START MATERIAL FOR THIS TASK

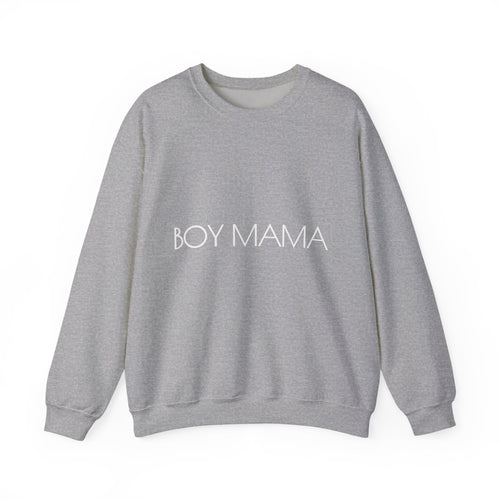 Boy Mama Crewneck Sweatshirt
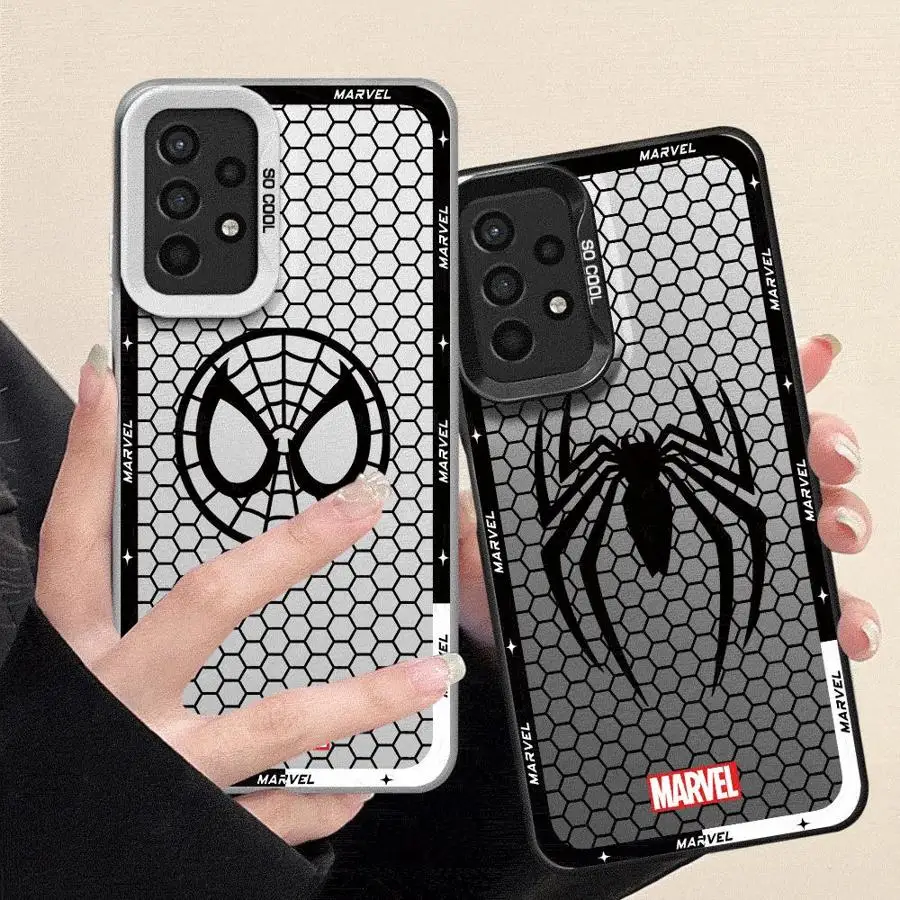 Чехол для телефона Marvel Sipiderman Venom Samsung Galaxy A12 A13 A14 A23 A32 4G 5G A22 A33 A34 A35 A24 сумка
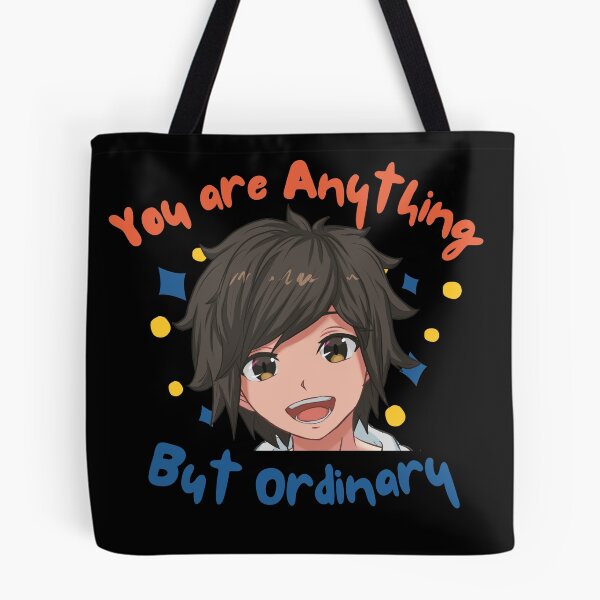 Item preview, Motivational Anime Boy | You are Anything but Ordinary | Inspirational Anime Text designed and sold by BBMarioni.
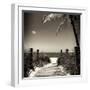 Boardwalk on the Beach - Florida-Philippe Hugonnard-Framed Photographic Print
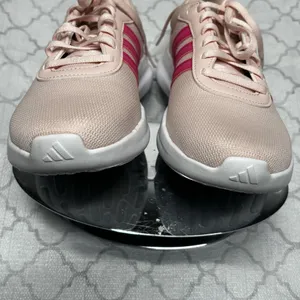 Adidas Pink LITE RACER 4.0 SHOES Women’s Size 7.5 thumbnail 5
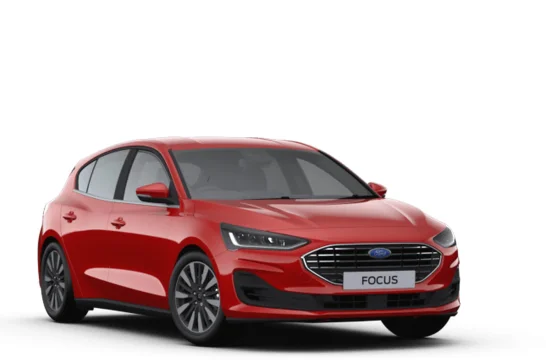 Ford Focus Red 2022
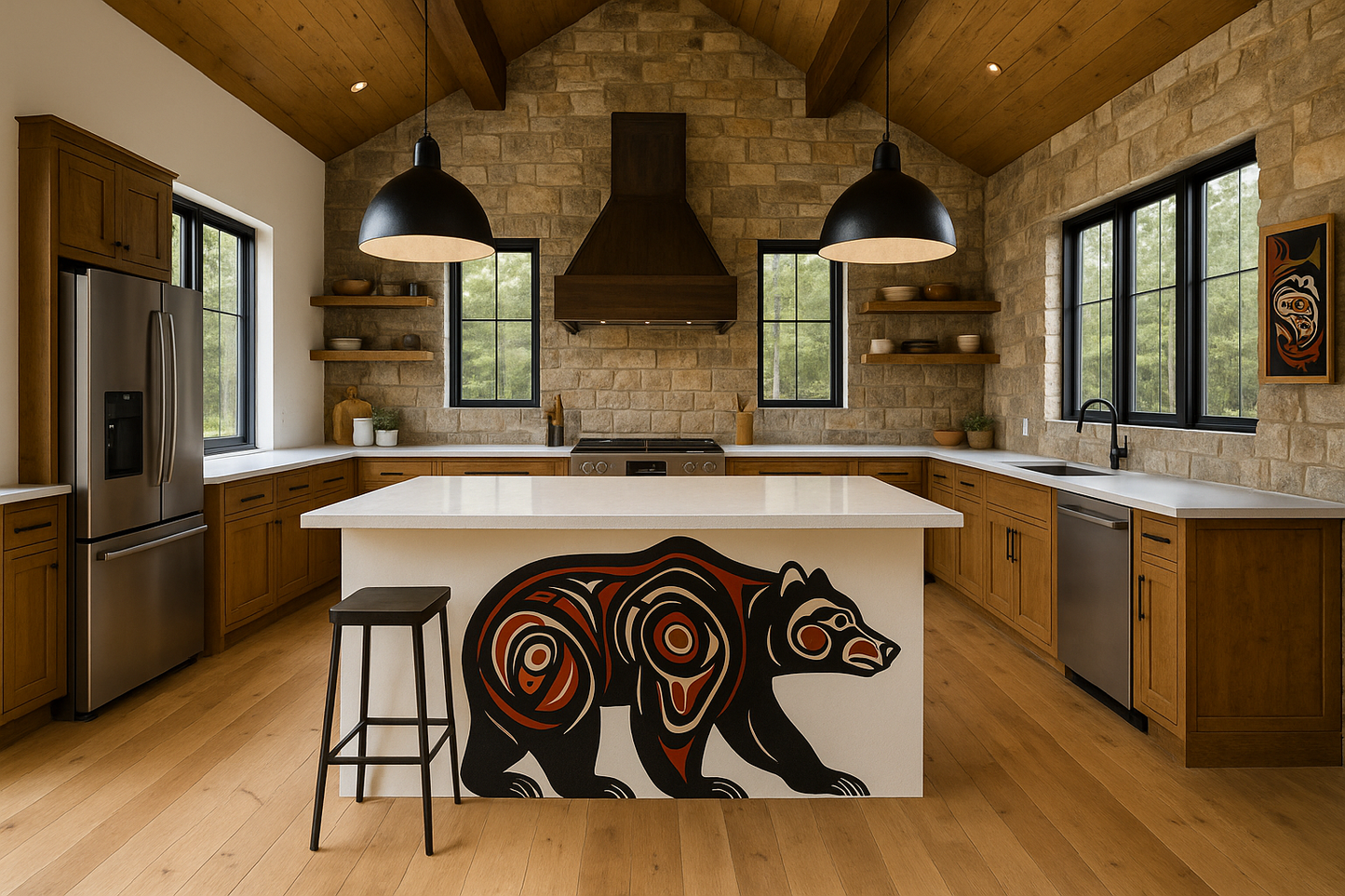 Bear Den: 4+ Bedroom Home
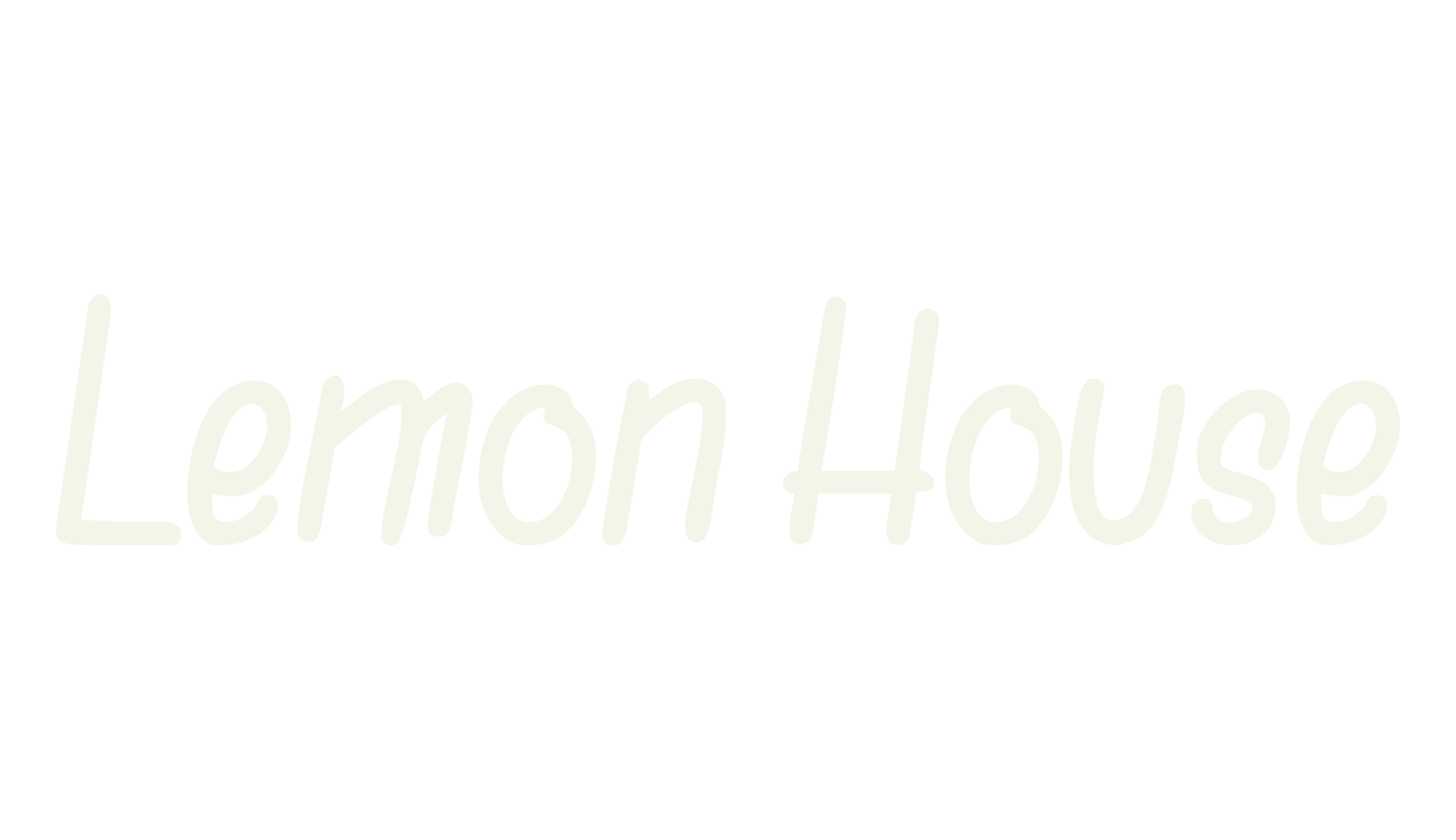 Lemon House, birthday font preview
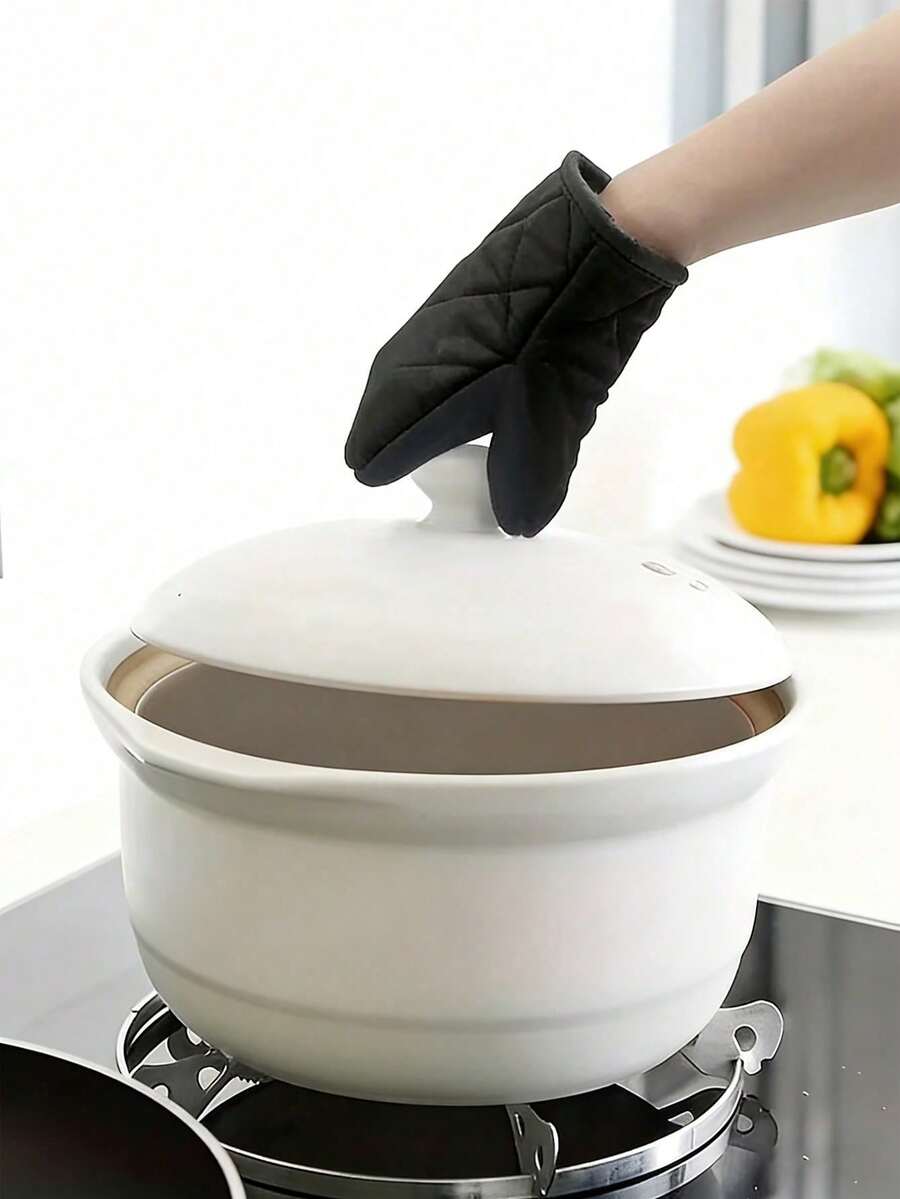 Multi-Functional Heat Resistant Pot Mat, Oven Mitts For Kitchen Use - Multicolor - View 1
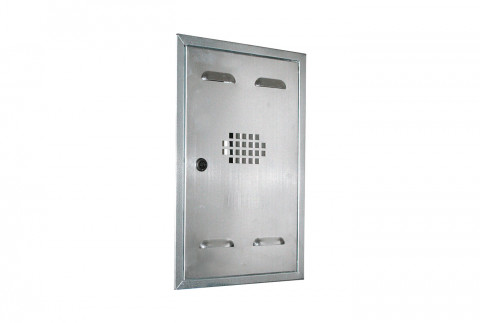 SC counter cover cabinet and water door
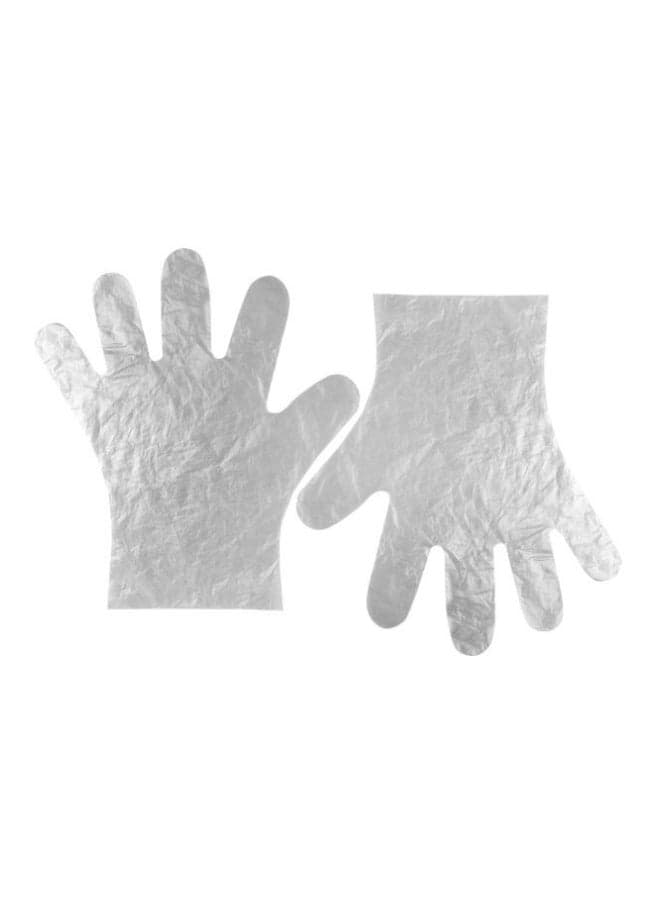 Pack Of 40 Disposable Gloves Clear M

END MATERIAL FOR THIS TASK

▸ **EXERCISE AIM**: Reproduce the data word for word; no pictures.

▸ **RESULT BELOW**:
 Boy Mama Crewneck Sweatshirt
 Чехол для телефона Marvel Sipiderman Venom Samsung Galaxy A12 A13 A14 A23 A32 4G 5G A22 A33 A34 A35 A24 сумка
 Item preview, Motivational Anime Boy | You are Anything but Ordinary | Inspirational Anime Text designed and sold by BBMarioni.
 Boardwalk on the Beach - Florida-Philippe Hugonnard-Framed Photographic Print
 Adidas Pink LITE RACER 4.0 SHOES Women’s Size 7.5 thumbnail 5
 Ford Focus Red 2022
 Bear Den: 4+ Bedroom Home
 Lemon House, birthday font preview
 Multi-Functional Heat Resistant Pot Mat, Oven Mitts For Kitchen Use - Multicolor - View 1
 SC counter cover cabinet and water door
 Pack Of 40 Disposable Gloves Clear M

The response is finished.